--- START ---

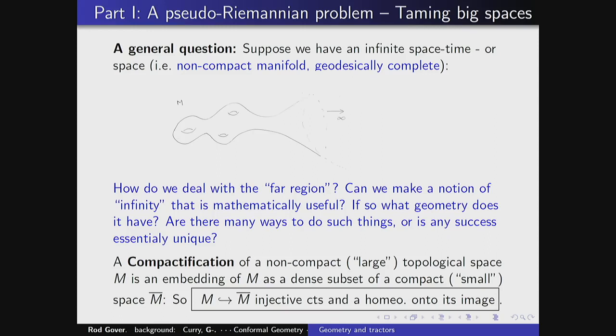Last time we had a preview where I mentioned stereographic projection as giving a way to compactify Euclidean space. Let me think of this now as a general question. Imagine you have some big space — there's supposed to be some manifold which is not compact. So let's say a non-compact, geodesically complete manifold. We think of that as a big space, like Euclidean space, but perhaps some other big space.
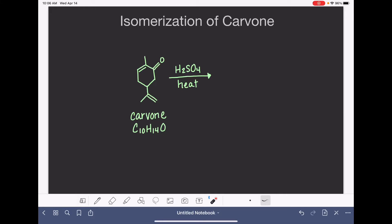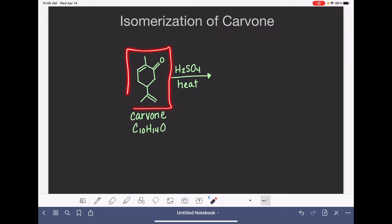In this experiment, I'm going to perform an isomerization on a molecule called carvone. This is the carvone molecule. Its formula is C10H14O.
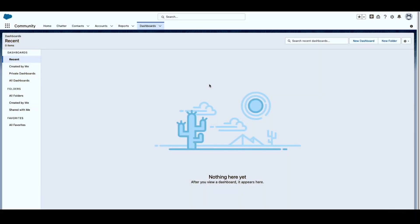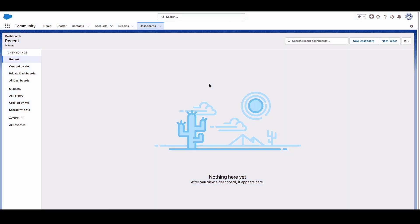First, we will need to create an administrator account in Salesforce. It is highly recommended to generate a new Salesforce administrator account, as utilizing an existing one may result in the breakdown of provisioning upon the account's deactivation. This account will be used to create the OAuth Consumer Key and Consumer Secret for the Salesforce REST integration. The guide for creating an administrator can be found in the description below. For this demonstration, we will be using a pre-existing Salesforce administrator account.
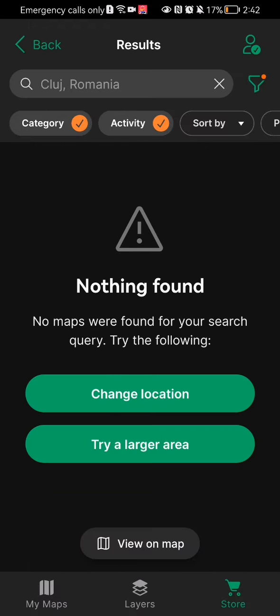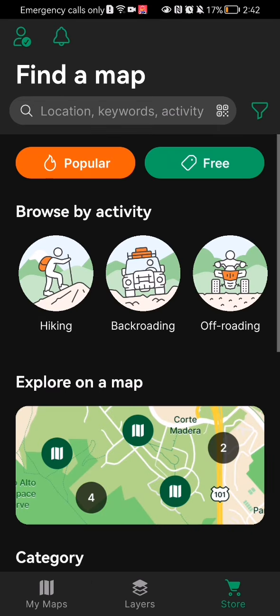In this case I haven't found any map with these filters, but you can try and find maps like this. Pretty much this is all about it. I hope this video was helpful to you — thank you for listening and see you next time, bye bye.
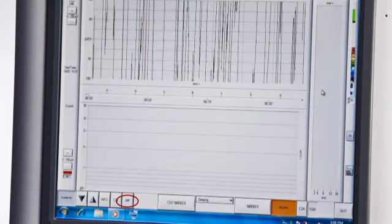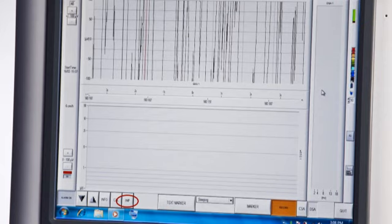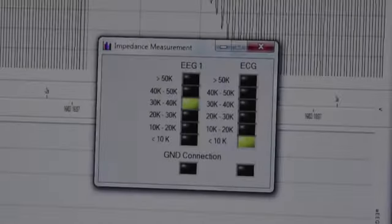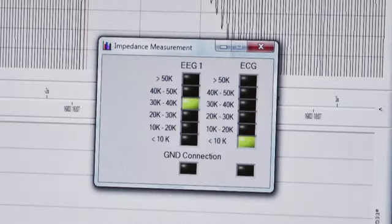To run the impedance check, click on the IMP button. Impedance is a direct measure of the connectivity between the patient and the monitor via the electrodes. Low impedance means there is good contact. High impedance means there is poor contact.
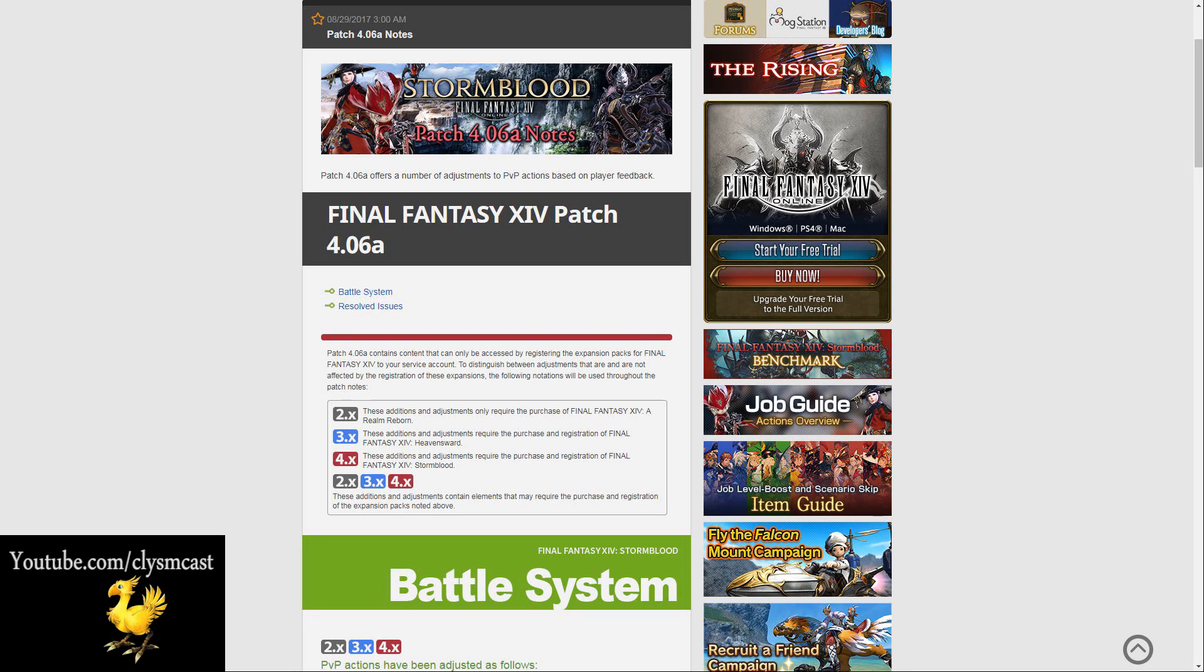Hello, Meoni here, and today I thought I'd put up these patch notes read out as many of you might wonder exactly what the patch was for today. This is patch 4.06A.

--- END ---

**TRY IT**
Copy the whole of the material above exactly, but not its images.

**TASK ANSWER**
Last time we had a preview where I mentioned stereographic projection as giving a way to compactify Euclidean space. Let me think of this now as a general question. Imagine you have some big space — there's supposed to be some manifold which is not compact. So let's say a non-compact, geodesically complete manifold. We think of that as a big space, like Euclidean space, but perhaps some other big space.
In this experiment, I'm going to perform an isomerization on a molecule called carvone. This is the carvone molecule. Its formula is C10H14O.
First, we will need to create an administrator account in Salesforce. It is highly recommended to generate a new Salesforce administrator account, as utilizing an existing one may result in the breakdown of provisioning upon the account's deactivation. This account will be used to create the OAuth Consumer Key and Consumer Secret for the Salesforce REST integration. The guide for creating an administrator can be found in the description below. For this demonstration, we will be using a pre-existing Salesforce administrator account.
In this case I haven't found any map with these filters, but you can try and find maps like this. Pretty much this is all about it. I hope this video was helpful to you — thank you for listening and see you next time, bye bye.
To run the impedance check, click on the IMP button. Impedance is a direct measure of the connectivity between the patient and the monitor via the electrodes. Low impedance means there is good contact. High impedance means there is poor contact.
Hello, Meoni here, and today I thought I'd put up these patch notes read out as many of you might wonder exactly what the patch was for today. This is patch 4.06A.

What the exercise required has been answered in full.